O is for Outline: a general sketch, account, or report, indicating only the main features, as of a book, subject, or project. (Dictionary.com)
There are two camps, if you will, two trains of thought in the writing world. One—of which I am not a member—is the pantsters. These are the folks who write organically, by the very seat of their pants. They might have a general idea of the plot and characters and where they want them to go, but then again, maybe not. They don’t plan. They just write. There’s no map, only a seed of an idea that they allow to germinate, sprout, grow, and flower. When I was stuck on where to start one of my WIPs, I couldn’t even figure out where to begin an outline. So a friend suggested I just write what I knew at that point, to get it down on paper, so to speak, in hopes it would generate a flow. I did just that, and it really helped. Better yet, I found it liberating.
Still, I am staunchly of the other camp. I am a plotter, a narrative outliner. I first jot down notes in my iPhone as they come to me, but eventually everything is written longhand in a spiral notebook. My notes are pretty complete, only missing descriptions and dialogue. From there, it’s easy for me to just read along in my notes and expand while I type away on my computer.
Some outliners write a mini synopsis, cover blurb, or summary statement to get started. Some use index cards, others the headlight system, in which they have an idea but can see only as far their “headlights.” Then they “drive” to that point and see a little farther.

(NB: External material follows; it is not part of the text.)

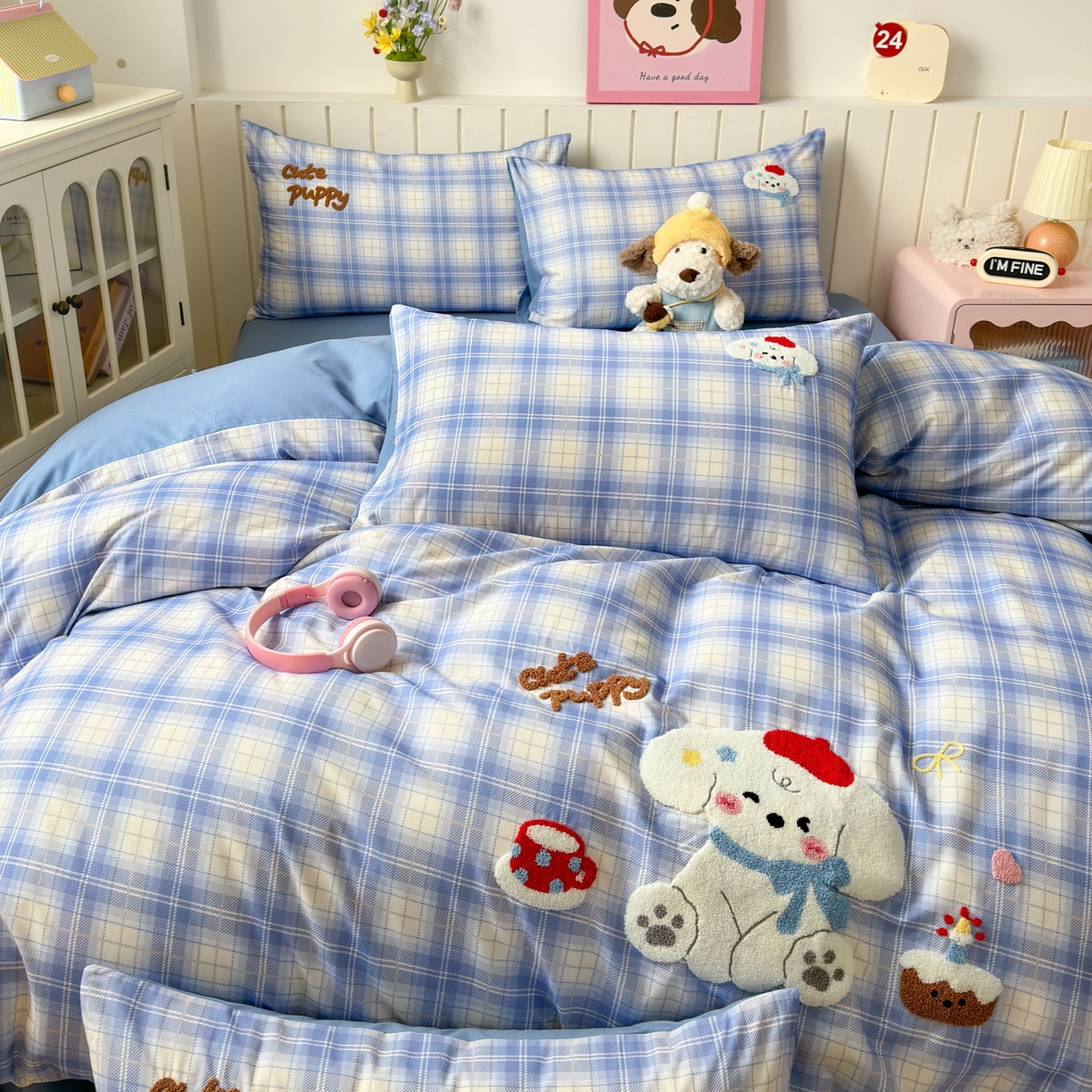 91家纺网 家纺一手货源 找家纺 如意朵 2026新款超柔高密全棉小清新绣花四件套（专版花型） 甜点萌狗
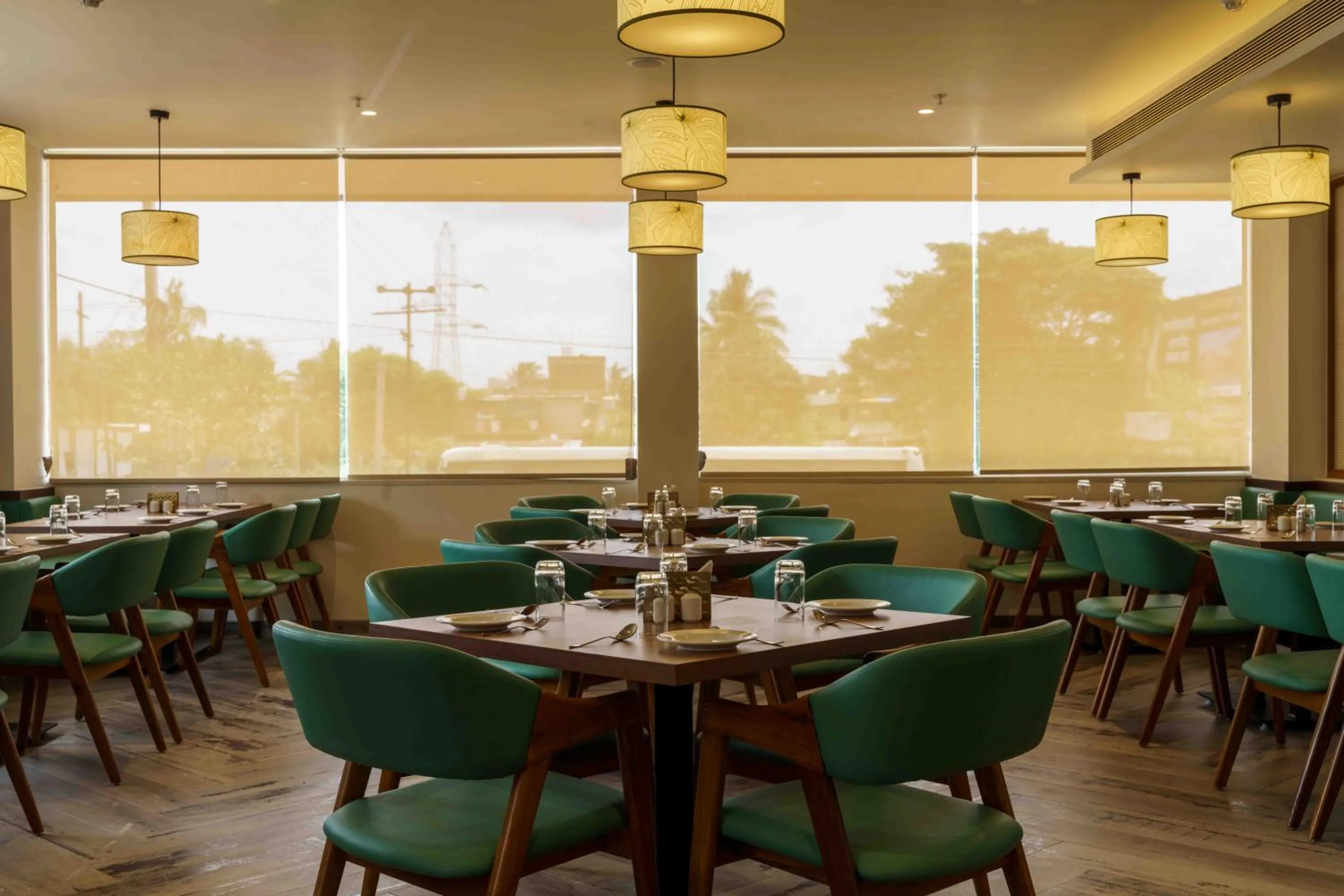 Restaurant/places to eat in O'NEST Elite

Still others generate ideas for scenes and chapters by asking themselves questions: What’s at stake? How will the protagonist react? What will happen when he does? Do I need more characters?
There are as many ways to plot and write a novel as there are writers who write them. While I prefer to outline, so I know exactly where I’m going, I still write in the moment, meaning I write whatever comes into my head at that moment. So while I am a plotter, I use many of the freebird pantster techniques, as well.
What type of writer are you? Have you ever tried doing it the other way?